:: Activity ::
Would you please set down, word for word, the lines from the one with "So now, what" through the final line of the data below, omitting any pictures?

:: Excerpted records ::

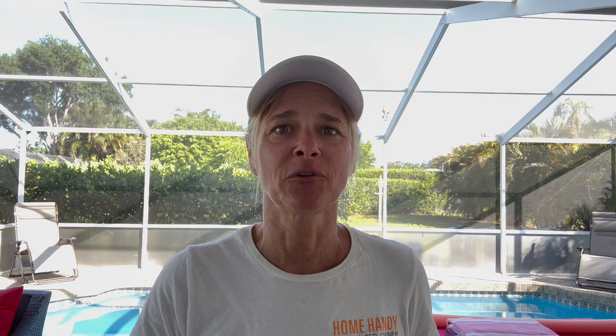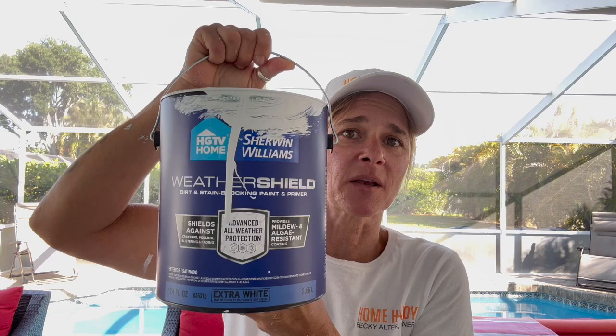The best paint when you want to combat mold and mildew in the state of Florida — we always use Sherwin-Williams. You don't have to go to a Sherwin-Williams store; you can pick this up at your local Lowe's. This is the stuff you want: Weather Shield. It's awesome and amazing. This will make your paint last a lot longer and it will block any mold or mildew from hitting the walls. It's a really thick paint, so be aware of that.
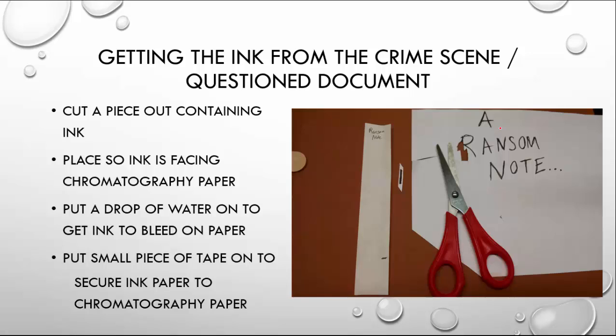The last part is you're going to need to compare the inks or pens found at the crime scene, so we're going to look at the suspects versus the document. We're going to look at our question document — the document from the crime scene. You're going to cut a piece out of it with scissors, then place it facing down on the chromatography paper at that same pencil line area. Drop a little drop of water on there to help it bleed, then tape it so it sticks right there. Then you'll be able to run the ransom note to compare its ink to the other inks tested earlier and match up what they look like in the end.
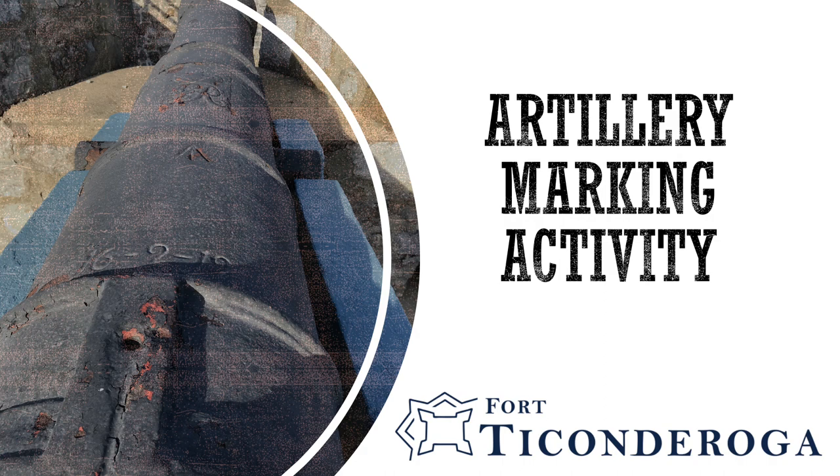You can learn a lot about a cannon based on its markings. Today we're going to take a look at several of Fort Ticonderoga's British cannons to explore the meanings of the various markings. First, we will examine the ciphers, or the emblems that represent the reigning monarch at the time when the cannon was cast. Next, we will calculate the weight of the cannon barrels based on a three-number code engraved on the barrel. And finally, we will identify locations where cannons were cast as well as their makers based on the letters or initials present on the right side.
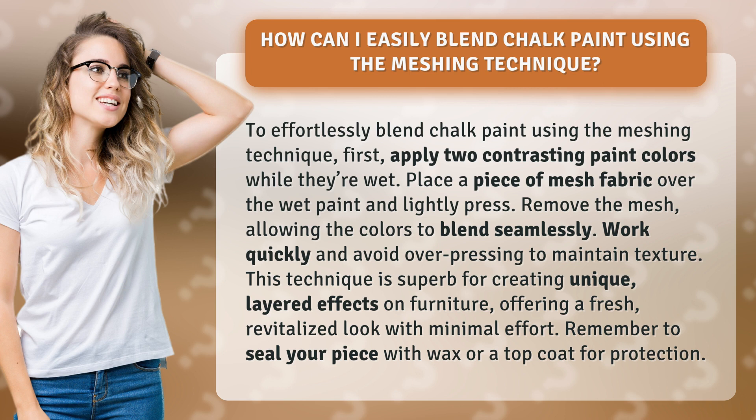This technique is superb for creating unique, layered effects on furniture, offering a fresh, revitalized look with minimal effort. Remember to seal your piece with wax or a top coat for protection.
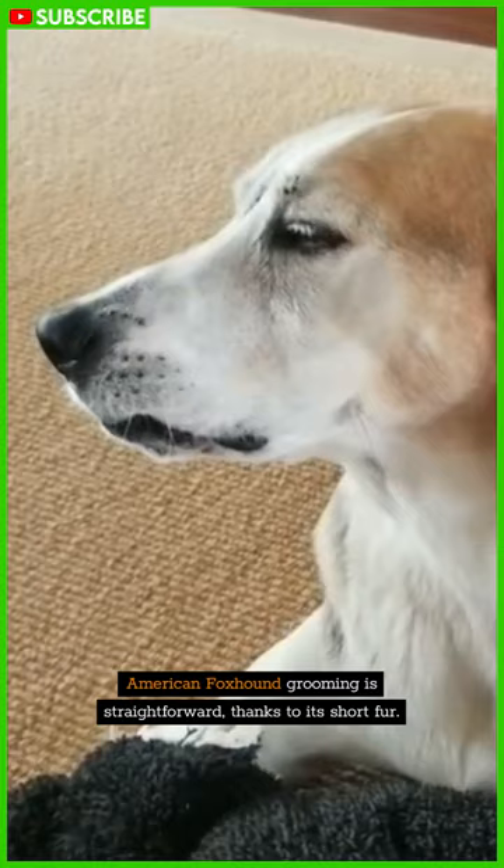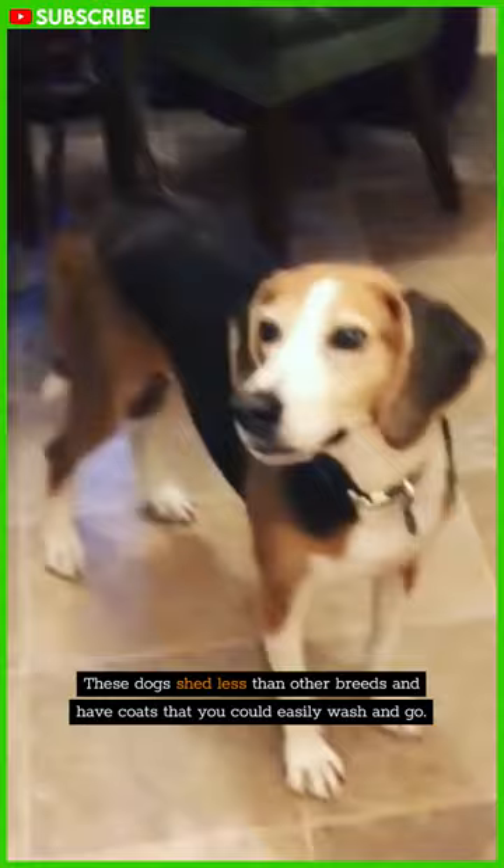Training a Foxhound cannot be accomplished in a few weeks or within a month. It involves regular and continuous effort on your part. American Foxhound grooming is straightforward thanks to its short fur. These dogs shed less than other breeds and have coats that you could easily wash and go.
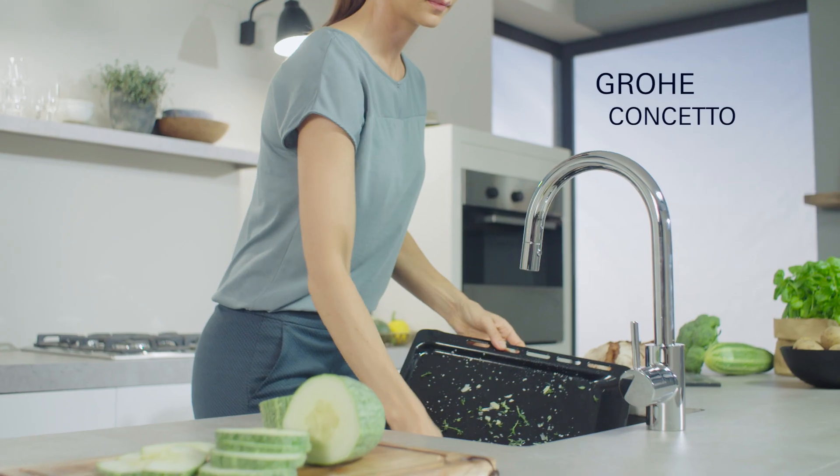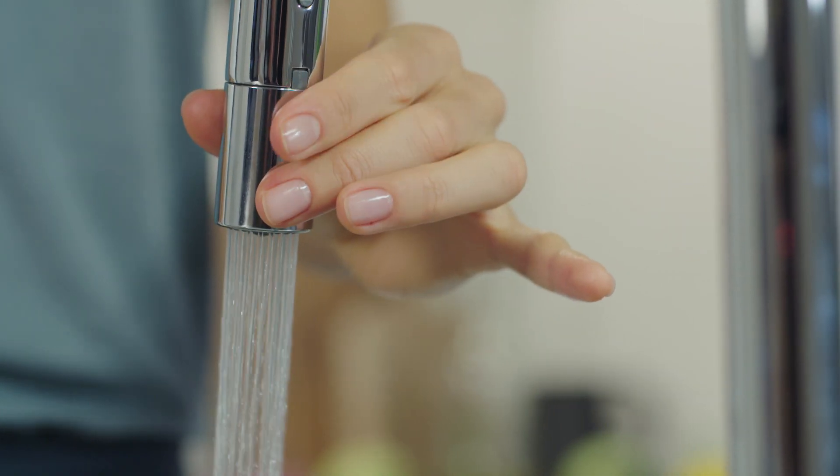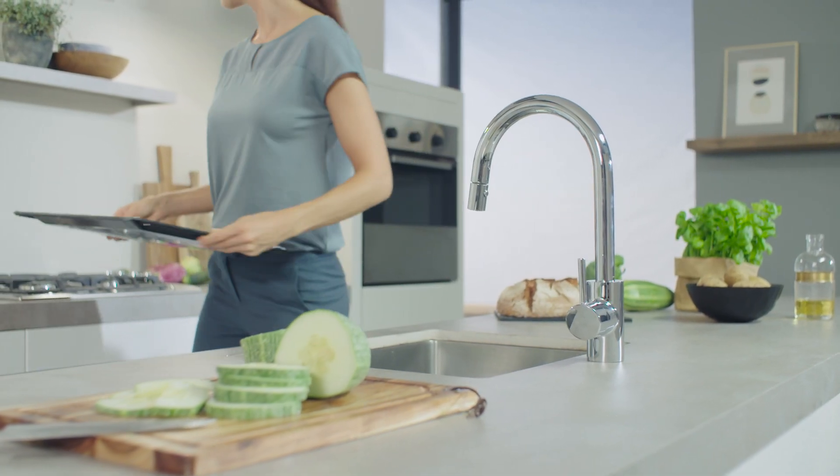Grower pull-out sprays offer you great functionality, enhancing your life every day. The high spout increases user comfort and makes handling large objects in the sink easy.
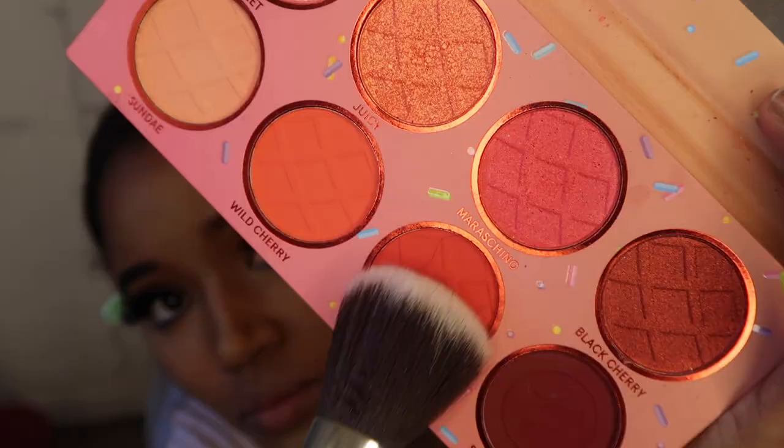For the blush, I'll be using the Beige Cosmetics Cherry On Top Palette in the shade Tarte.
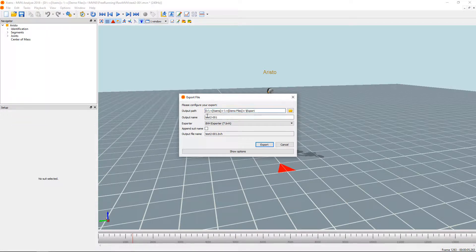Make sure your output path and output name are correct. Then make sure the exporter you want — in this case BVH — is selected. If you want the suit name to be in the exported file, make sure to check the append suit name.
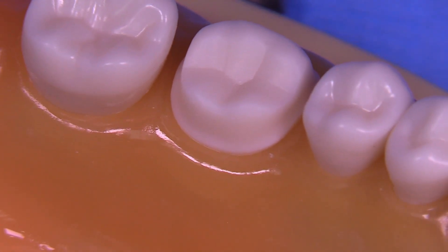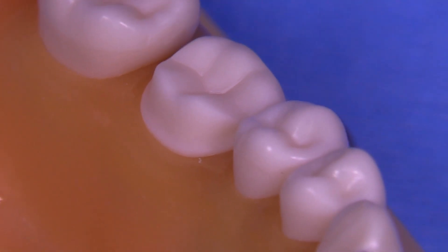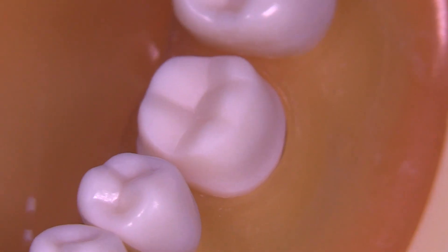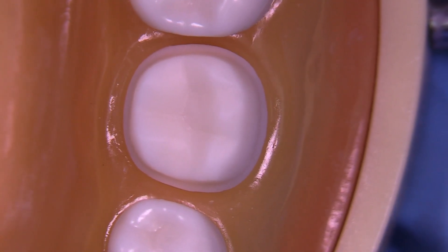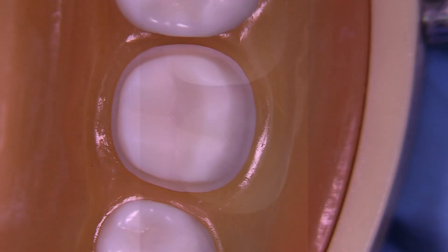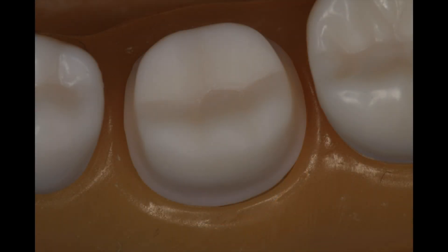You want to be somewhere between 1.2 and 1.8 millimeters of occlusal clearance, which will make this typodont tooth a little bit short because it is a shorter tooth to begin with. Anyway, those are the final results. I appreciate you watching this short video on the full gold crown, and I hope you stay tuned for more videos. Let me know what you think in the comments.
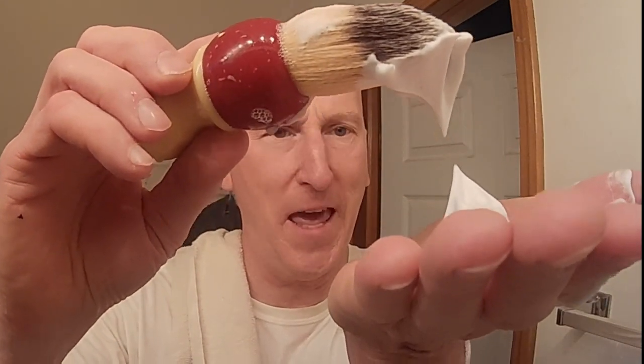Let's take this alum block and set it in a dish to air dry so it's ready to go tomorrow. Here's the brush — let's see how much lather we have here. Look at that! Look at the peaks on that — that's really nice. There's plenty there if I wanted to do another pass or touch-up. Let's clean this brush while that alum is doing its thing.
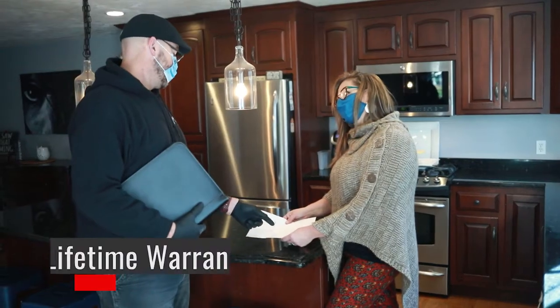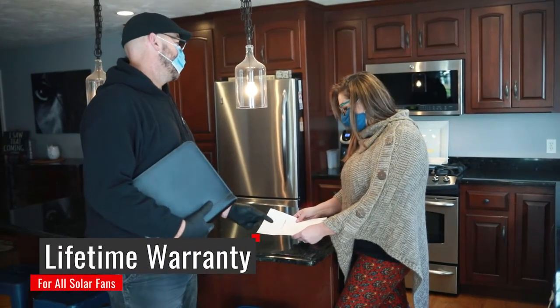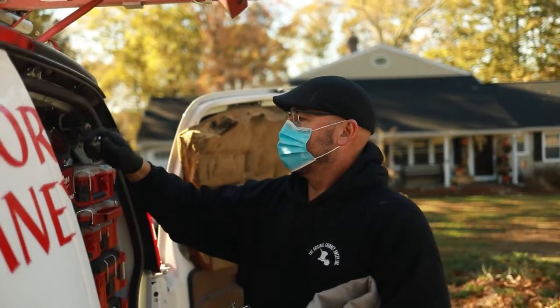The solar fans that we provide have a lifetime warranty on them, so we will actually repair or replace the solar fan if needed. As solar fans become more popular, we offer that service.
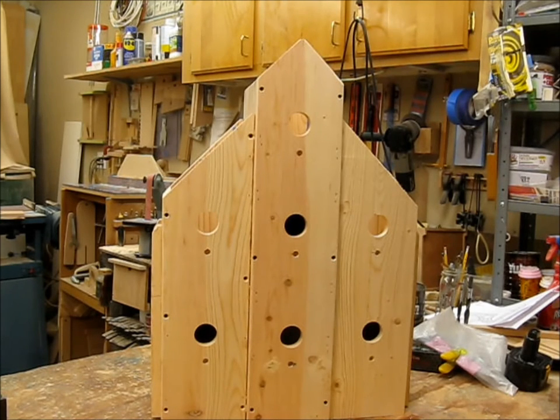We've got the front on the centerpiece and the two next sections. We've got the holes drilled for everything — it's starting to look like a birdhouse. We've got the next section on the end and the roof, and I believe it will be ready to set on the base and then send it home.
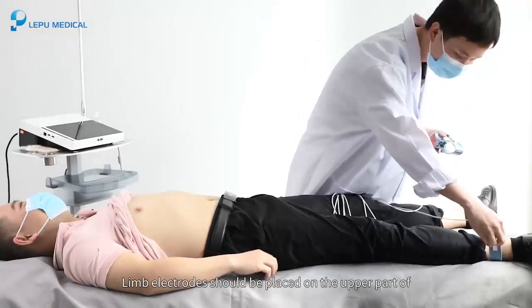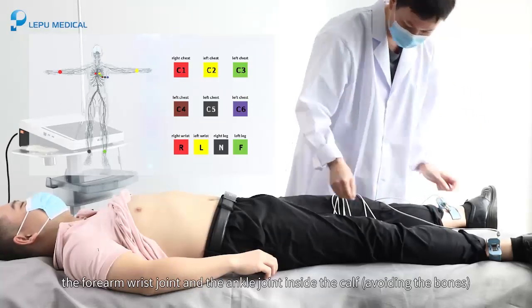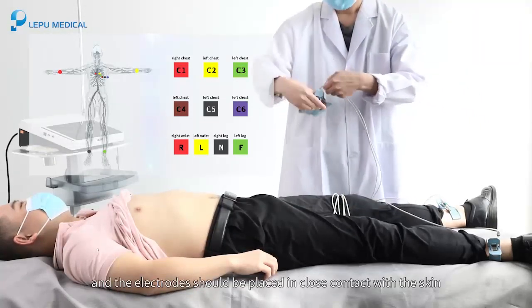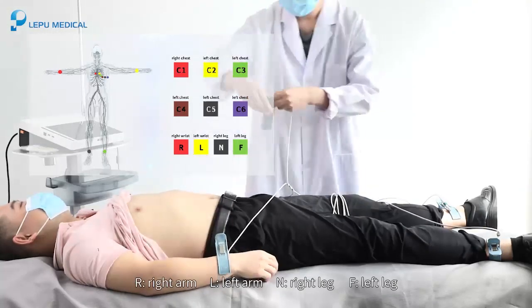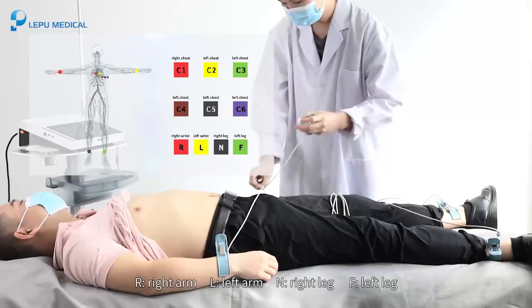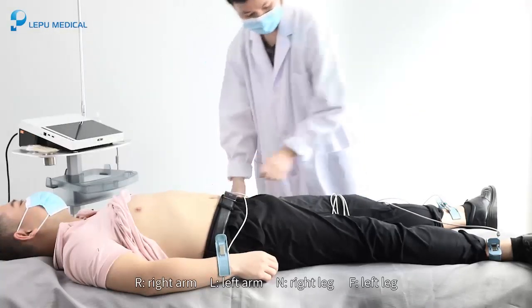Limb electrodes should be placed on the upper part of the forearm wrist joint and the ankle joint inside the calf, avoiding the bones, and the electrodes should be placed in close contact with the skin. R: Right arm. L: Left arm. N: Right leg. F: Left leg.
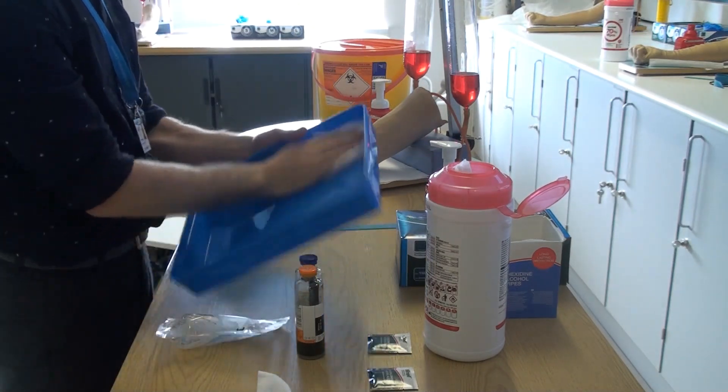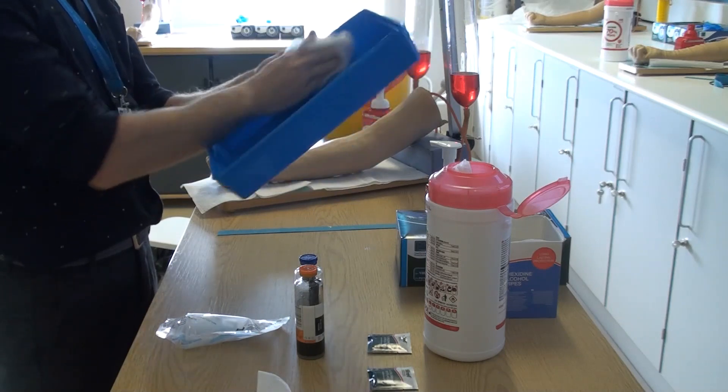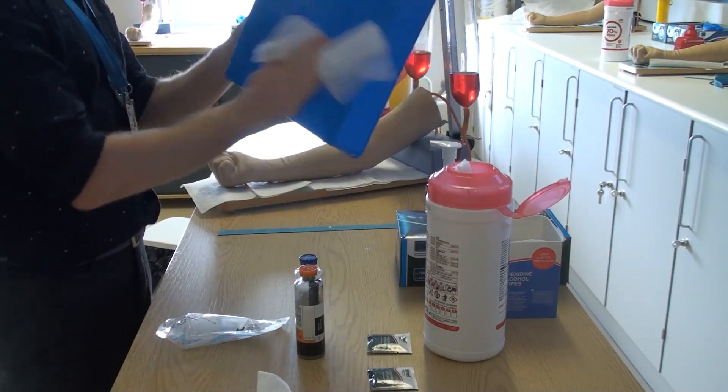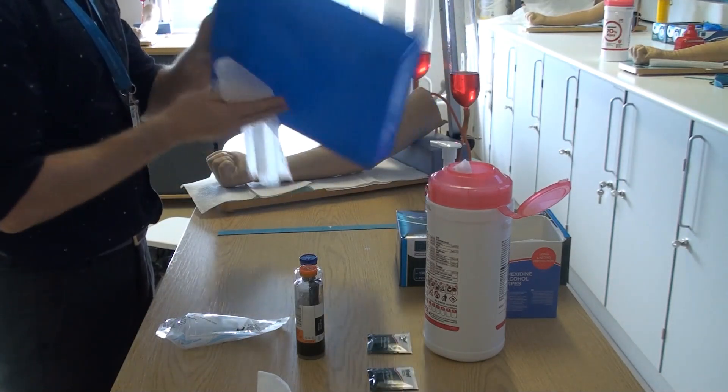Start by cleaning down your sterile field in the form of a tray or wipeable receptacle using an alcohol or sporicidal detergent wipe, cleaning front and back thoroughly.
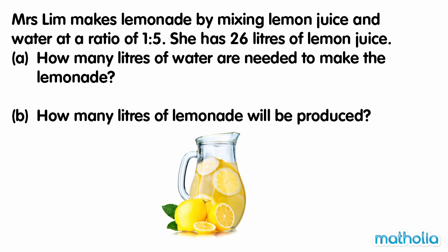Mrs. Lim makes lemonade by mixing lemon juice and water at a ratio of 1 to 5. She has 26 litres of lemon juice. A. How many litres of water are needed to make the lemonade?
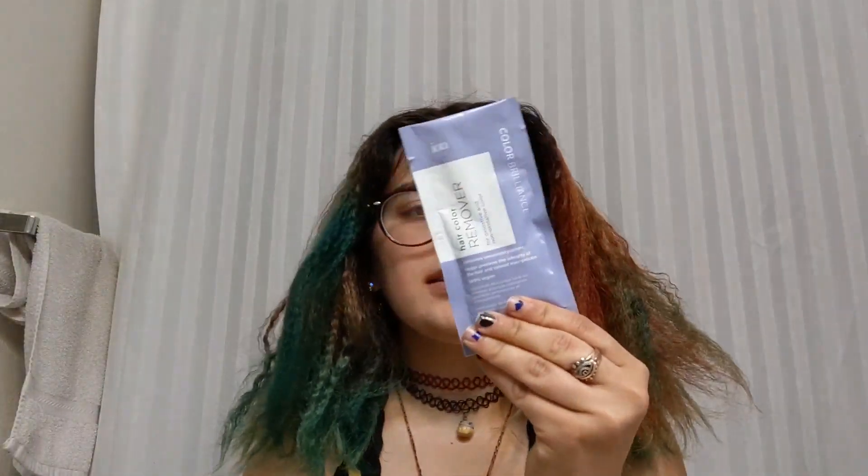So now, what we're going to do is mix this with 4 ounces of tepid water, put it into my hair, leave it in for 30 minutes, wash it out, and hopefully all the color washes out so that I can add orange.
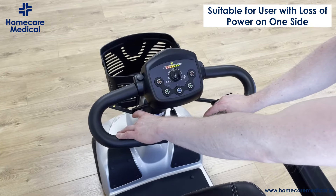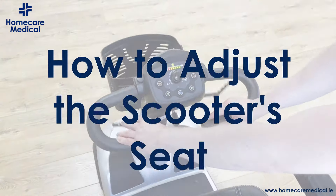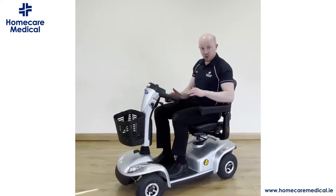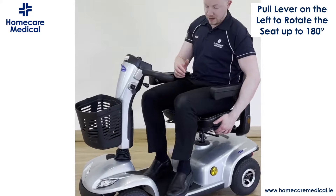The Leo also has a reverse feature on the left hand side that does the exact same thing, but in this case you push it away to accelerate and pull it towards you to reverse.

:: Task output ::
So now, what we're going to do is mix this with 4 ounces of tepid water, put it into my hair, leave it in for 30 minutes, wash it out, and hopefully all the color washes out so that I can add orange.
The Leo also has a reverse feature on the left hand side that does the exact same thing, but in this case you push it away to accelerate and pull it towards you to reverse.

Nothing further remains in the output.